In Chronicles: Volume One, Bob Dylan gradually begins to separate the myth from the reality of his legendary career.

By Kevin Rabalais


In those early days of hanging out in New York City, Bob Dylan knew that he wanted to write songs that wouldn't conform to his own times. How to go about it was a different matter: "I needed to learn how to telescope things, ideas. ? You might be able to put it all into one paragraph or into one verse of a song if you could get it right."
In Woody Allen's film Zelig, the title character changes into whatever he touches. A pregnant woman, a rabbi or a blind man -- for Zelig, anything is possible. Fictional characters aside, Bob Dylan has been, throughout his career, the great American chameleon. He is enigmatic: a Jewish kid from Minnesota; a folk-singer in denim one minute, a rock star in leather the next; an exile; an actor; a respectable citizen, father and grandfather. Never predictable, Dylan simultaneously baffles and astonishes. At times, even his most vocal supporters have been hard pressed to explain his career and personal decisions, and he has become all the more intriguing for it.

Since Dylan hasn't exactly helped to separate myth from reality, the publication of Chronicles: Volume One (Scribner), his first attempt at autobiography, comes with huge anticipation, and music fans worldwide -- from those who consider Dylan worthy of a Noble Prize in literature to anyone interested in the evolution of music over the past five decades -- have been holding their breath to see what he would deliver. Now that it's finally here, even those already enamored by Dylan's talent can expect to be happily surprised.

Chronicles begins smoothly, without hesitation. Throughout the book, which begins with his days playing folk music at Cafe Wha?, where Dylan spent his time between gigs eating free burgers and fries (often with Tiny Tim by his side), the writing is crackling and intense, the scenes picturesque. Here, for instance, he describes his arrival in New York City: "Outside the wind was blowing, straggling cloud wisps, snow whirling in the red lanterned streets, city types scuffing around, bundled up -- salesmen in rabbit fur earmuffs hawking gimmicks, chestnut vendors, steam rising out of manholes."

At Cafe Wha?, Dylan became eager for more than irregular gigs, though. "I needed to play for people and all the time," he writes, knowing already that he wanted to do for music what Picasso did for the art world: fracture and crack it wide open. About these early days of living on friends' couches and just getting by before his first recordings, he writes, "I'd come from a long ways off and had started a long ways down. But now destiny was about to manifest itself. I felt like it was looking right at me and nobody else."

Dylan's observations in the book range from Moby-Dick ("the ultimate fish story") to Roy Orbison ("He sang like a professional criminal").
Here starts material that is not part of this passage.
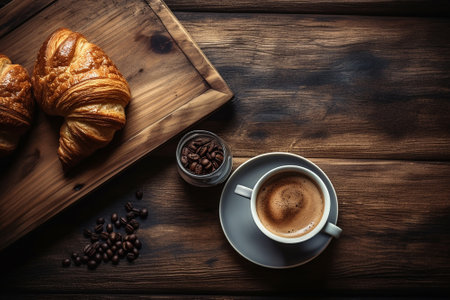 A coffee with a croissantの素材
He is as comfortable discussing Judy Garland as he is Nietzsche. Not surprisingly, his early education came as much through literature as music, and he spends much of the book detailing the importance of his discoveries. He devoured whatever was near. There was Tacitus, Gogol, Balzac and Thucydides, his favorite. He often includes capsule biographies of his masters to show how his life came to echo theirs. "Dostoyevsky, too, had lived a dismal and hard life. The czar sent him to a prison camp in Siberia in 1849. ... He was eventually pardoned and wrote stories to ward off his creditors. Just like in the '70s I wrote albums to ward off mine." You can almost hear him laughing.

In those early days in New York City, he'd disappear into the public library to read newspapers from 1855 to 1865 and learn about daily life. He knew that he wanted to write songs that wouldn't conform to his own times. How to go about it was a different matter. "If anything, I wanted to understand things, and then be free of them," he writes. "I needed to learn how to telescope things, ideas. ... You might be able to put it all into one paragraph or into one verse of a song if you could get it right."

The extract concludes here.